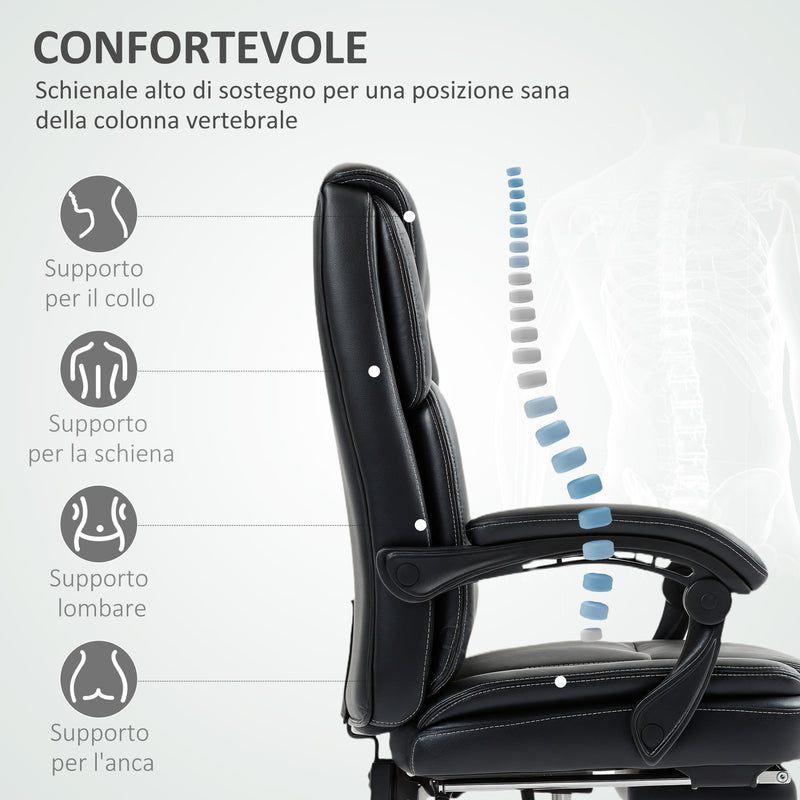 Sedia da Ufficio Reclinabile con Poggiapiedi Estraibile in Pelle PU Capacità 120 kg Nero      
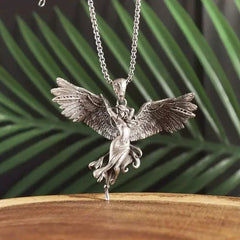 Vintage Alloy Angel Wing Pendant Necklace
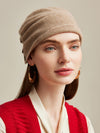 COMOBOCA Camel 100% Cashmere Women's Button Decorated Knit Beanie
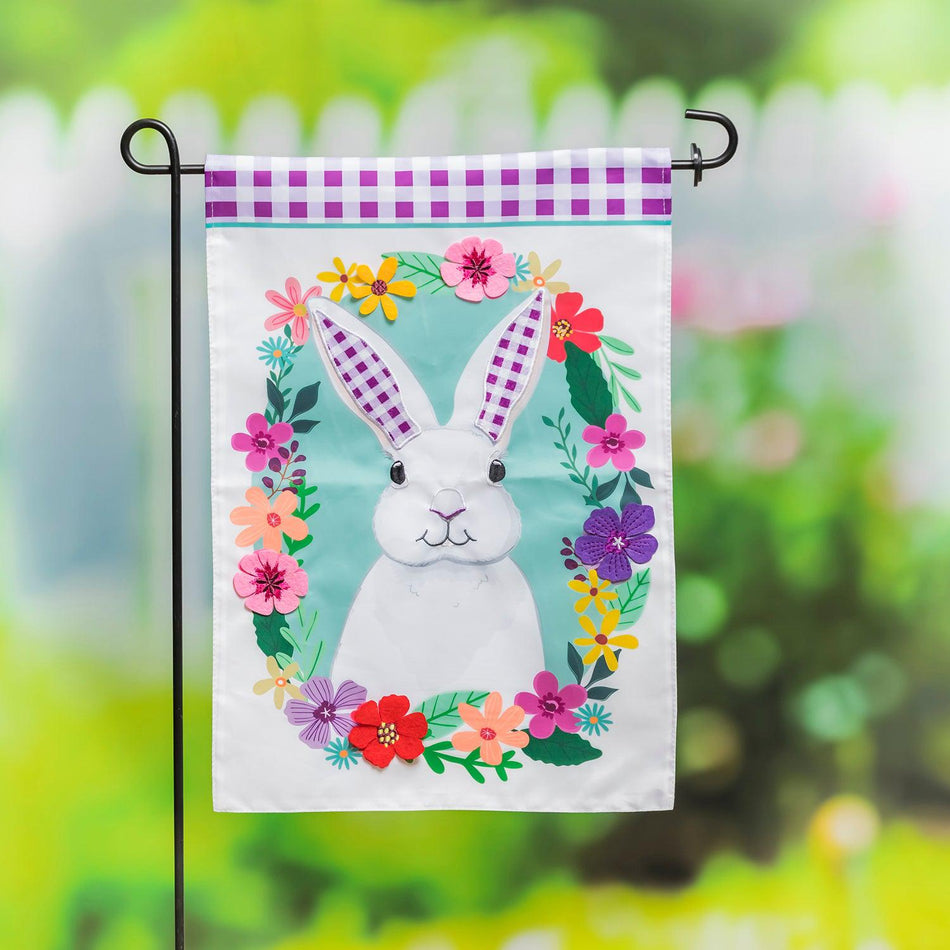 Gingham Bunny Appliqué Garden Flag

####

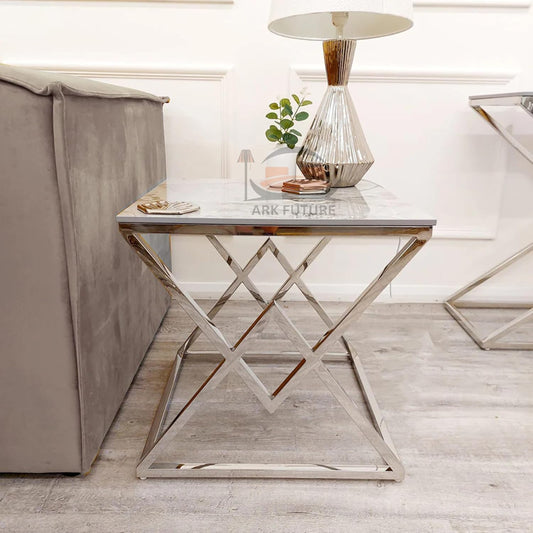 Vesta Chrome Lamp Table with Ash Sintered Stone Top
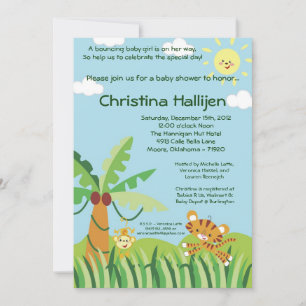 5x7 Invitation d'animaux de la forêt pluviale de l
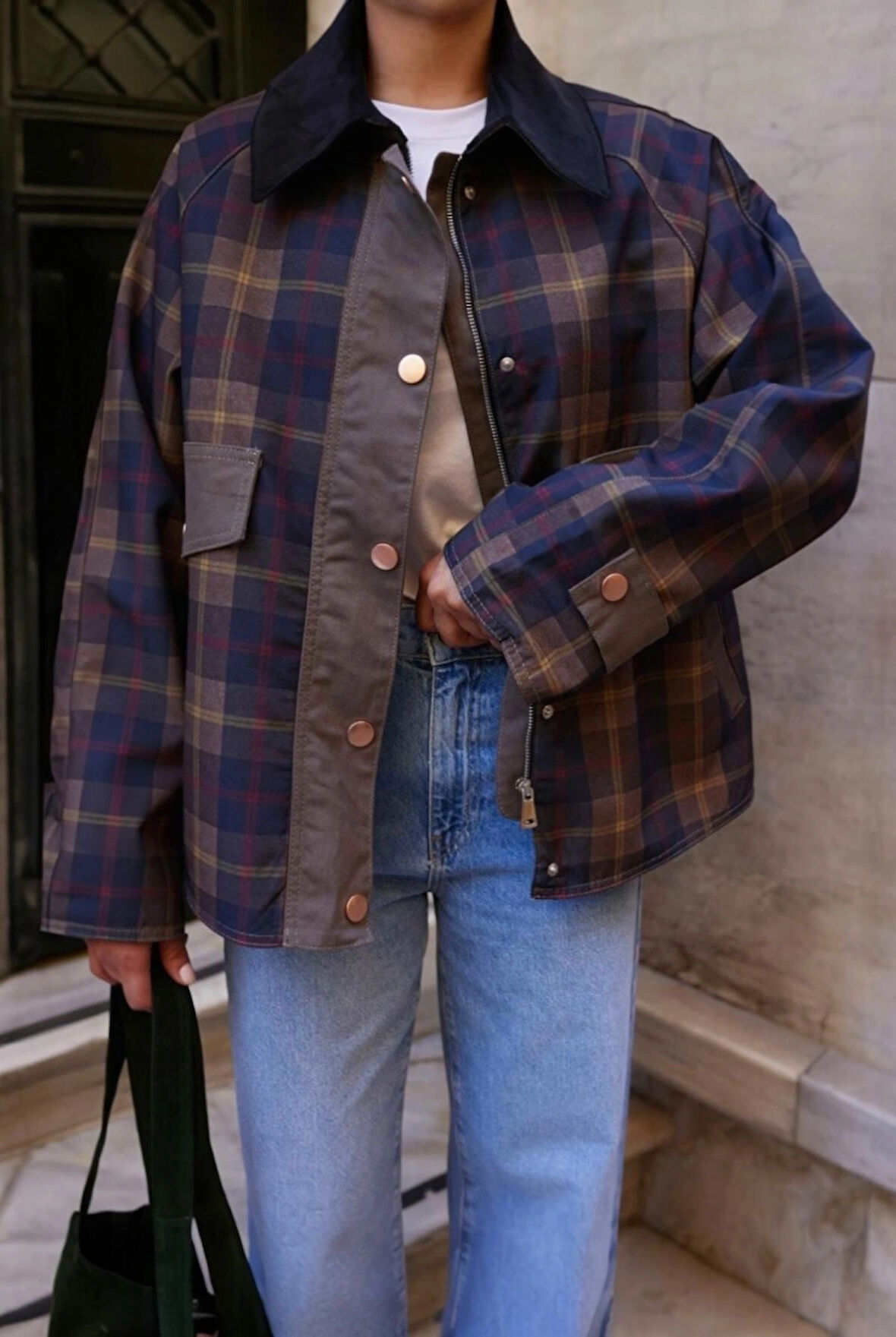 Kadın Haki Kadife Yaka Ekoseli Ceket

####

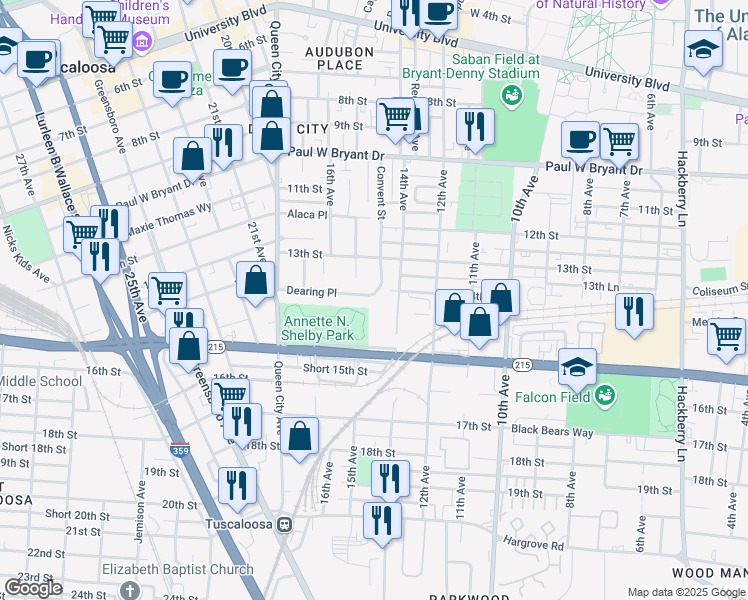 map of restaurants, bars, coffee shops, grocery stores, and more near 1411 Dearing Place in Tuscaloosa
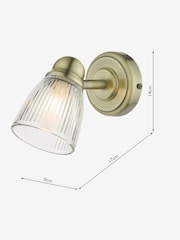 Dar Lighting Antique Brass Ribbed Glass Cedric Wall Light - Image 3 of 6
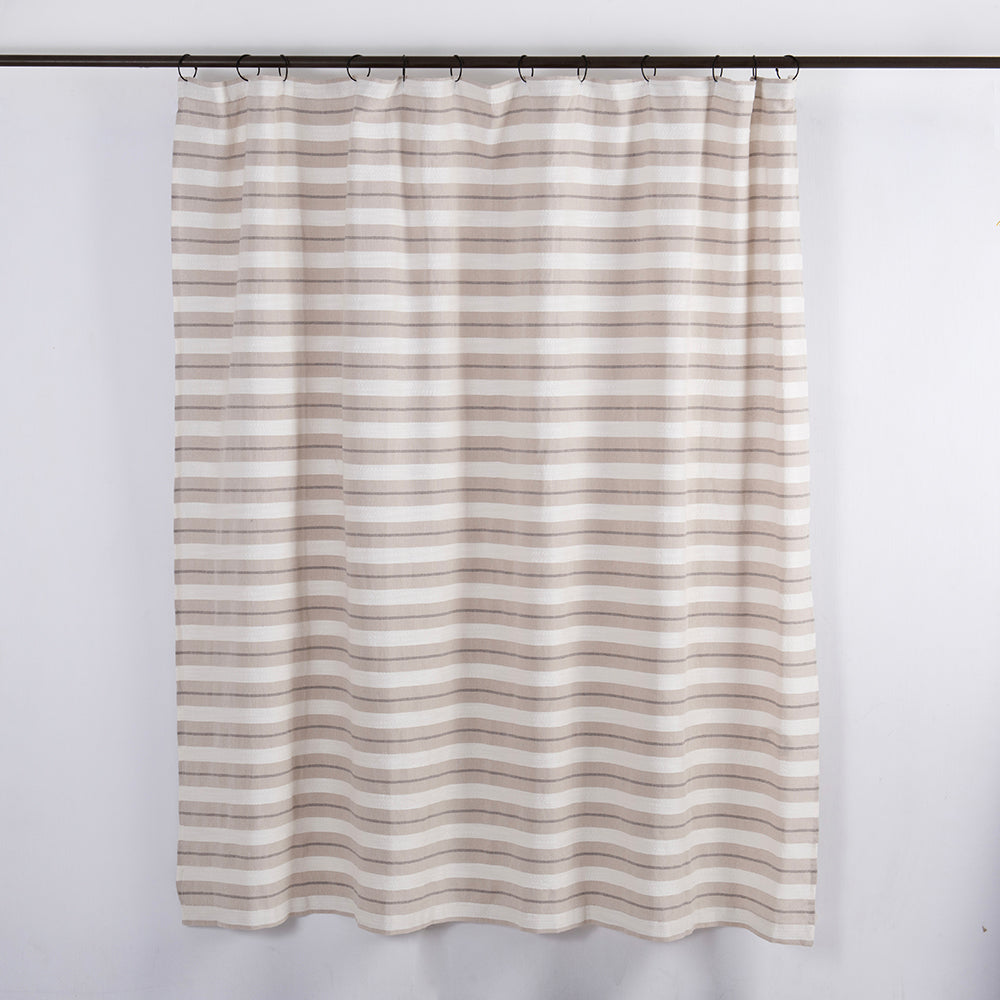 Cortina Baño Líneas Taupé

####

> [Exercise requirements] Word for word, restate the lines above from the one with "Vesta Chrome Lamp" through the one with "Kadın Haki Kadife Yaka Ekoseli Ceket", keeping both ends and dropping the pictures.

> [Output of the exercise]
 Vesta Chrome Lamp Table with Ash Sintered Stone Top
 5x7 Invitation d'animaux de la forêt pluviale de l
 Kadın Haki Kadife Yaka Ekoseli Ceket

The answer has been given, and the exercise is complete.